(WHAT THIS TASK INVOLVES) Give back exactly the lines from the start of the entries below to the line holding "Flower Dropped Shoulder Sweater Trendsi", that line included, and leave every picture out.

[Items from a dataset]

.....

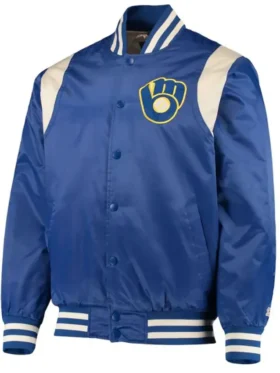 Brewers Navy Blue Bomber Satin Jacket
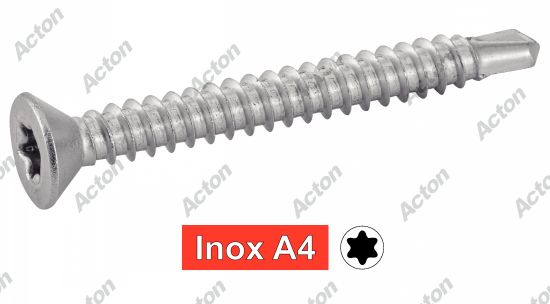 Vis autoperçantes tête fraisée six lobes inox A4 - DIN 7504 o Acton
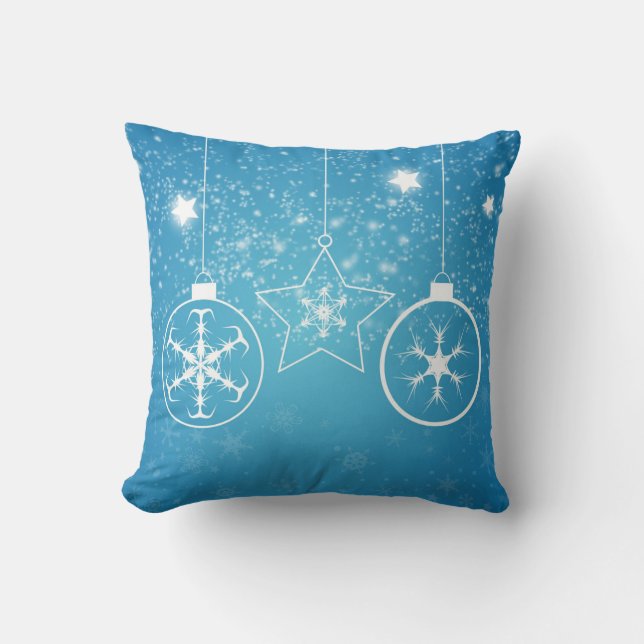 Coussin Boule blanche et bleu neige Joyeux Noël (Recto)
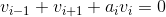 v_{i-1}+v_{i+1}+a_iv_i=0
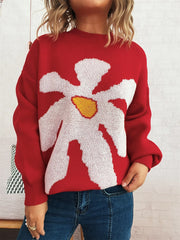 Flower Dropped Shoulder Sweater Trendsi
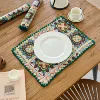 Jacquard rice square embroidered green shells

.....

(RESULT OF THE EXERCISE)
 Brewers Navy Blue Bomber Satin Jacket
 Vis autoperçantes tête fraisée six lobes inox A4 - DIN 7504 o Acton
 Coussin Boule blanche et bleu neige Joyeux Noël (Recto)
 v_{i-1}+v_{i+1}+a_iv_i=0
 Flower Dropped Shoulder Sweater Trendsi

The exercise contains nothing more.